Afterward, the true character of Castaka is revealed: it's another Jodorowsky western, with the grown stud, his warrior wife, and their two borderline-feral daughters becoming intergalactic Indian desperadoes, sacking wagon trains along the trail of stars for profit and revenge. It's hugely energetic stuff, writer and artist now working in perfect synch to render their protagonist as a veritable screaming-mad Klaus Kinski, his features permanently wrought with hot rage, eyes wild and dialogue tending toward “LAMENTABLE TRAITOR!” and other top-of-the-lungs exhortations whilst his growing girls exhibit departures from their writer's offhanded mytho-poetic gender essentialism: one becomes buxom like her mother, while the other is drawn as, basically, a slighter variant on Marvel Comics' Wolverine (on whom Das Pastoras has also worked), though both remain superior fighters, and ultimately conjoin their very bodies(!) to dissolve any distinction between "masculine" and "feminine" personality traits – which, given the eternally boyish outlook of the project's genre apparatus, means they capture a man's sperm before besting him in combat, and there is so much respect when he dies.

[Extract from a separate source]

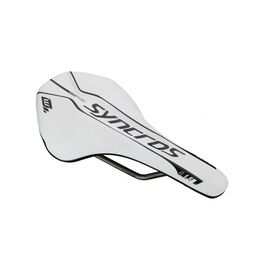Седло велосипедное Syncros FL1.5 Women narrow, white, шоссе, МТВ, 241892-0002, изображение  - НаВелосипеде.рф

This has always been part of Jodorowsky's appeal: he never disguises his taste for the lurid, in fact flaunting it as a means of facilitating spiritual and psychological inquiry. However, Castaka is hamstrung as a commercial work, in an industrial continuum, in that its excitations cannot develop into anything stronger than premonitions as to the direction of its parent narrative. As a result, there are only a few gestures toward the notions of reconciliation and self-abnegation at the heart of The Metabarons – the reason the story there is told from one character to another, after all, is because the receiving character must do something good with that understanding. In here, another Das Pastoras giant animal eventually enters the fray, and its relationship with the roving space family isn't quite respectful so much as an accident of personal codes complimenting one another, which I suppose will have to double for a suggestion of enlightenment divined from a collective unconsciousness lacking, for the moment, in praxis.

Still, if we want to talk text, Castaka is an indefatigable exercise, very well-made once it settles into its revenge narrative groove, and differing from The Metabarons in one crucial generic element: it's about fathers and daughters, and, if anything, I suppose the rank misogyny which Jodorowsky disinters from patriarchal tradition is meant to finally bend its knee before an evolved brand of violence which allows women to kill with total autonomy, without pity. An old exploitation spectacle then, from a proper midnight movie man.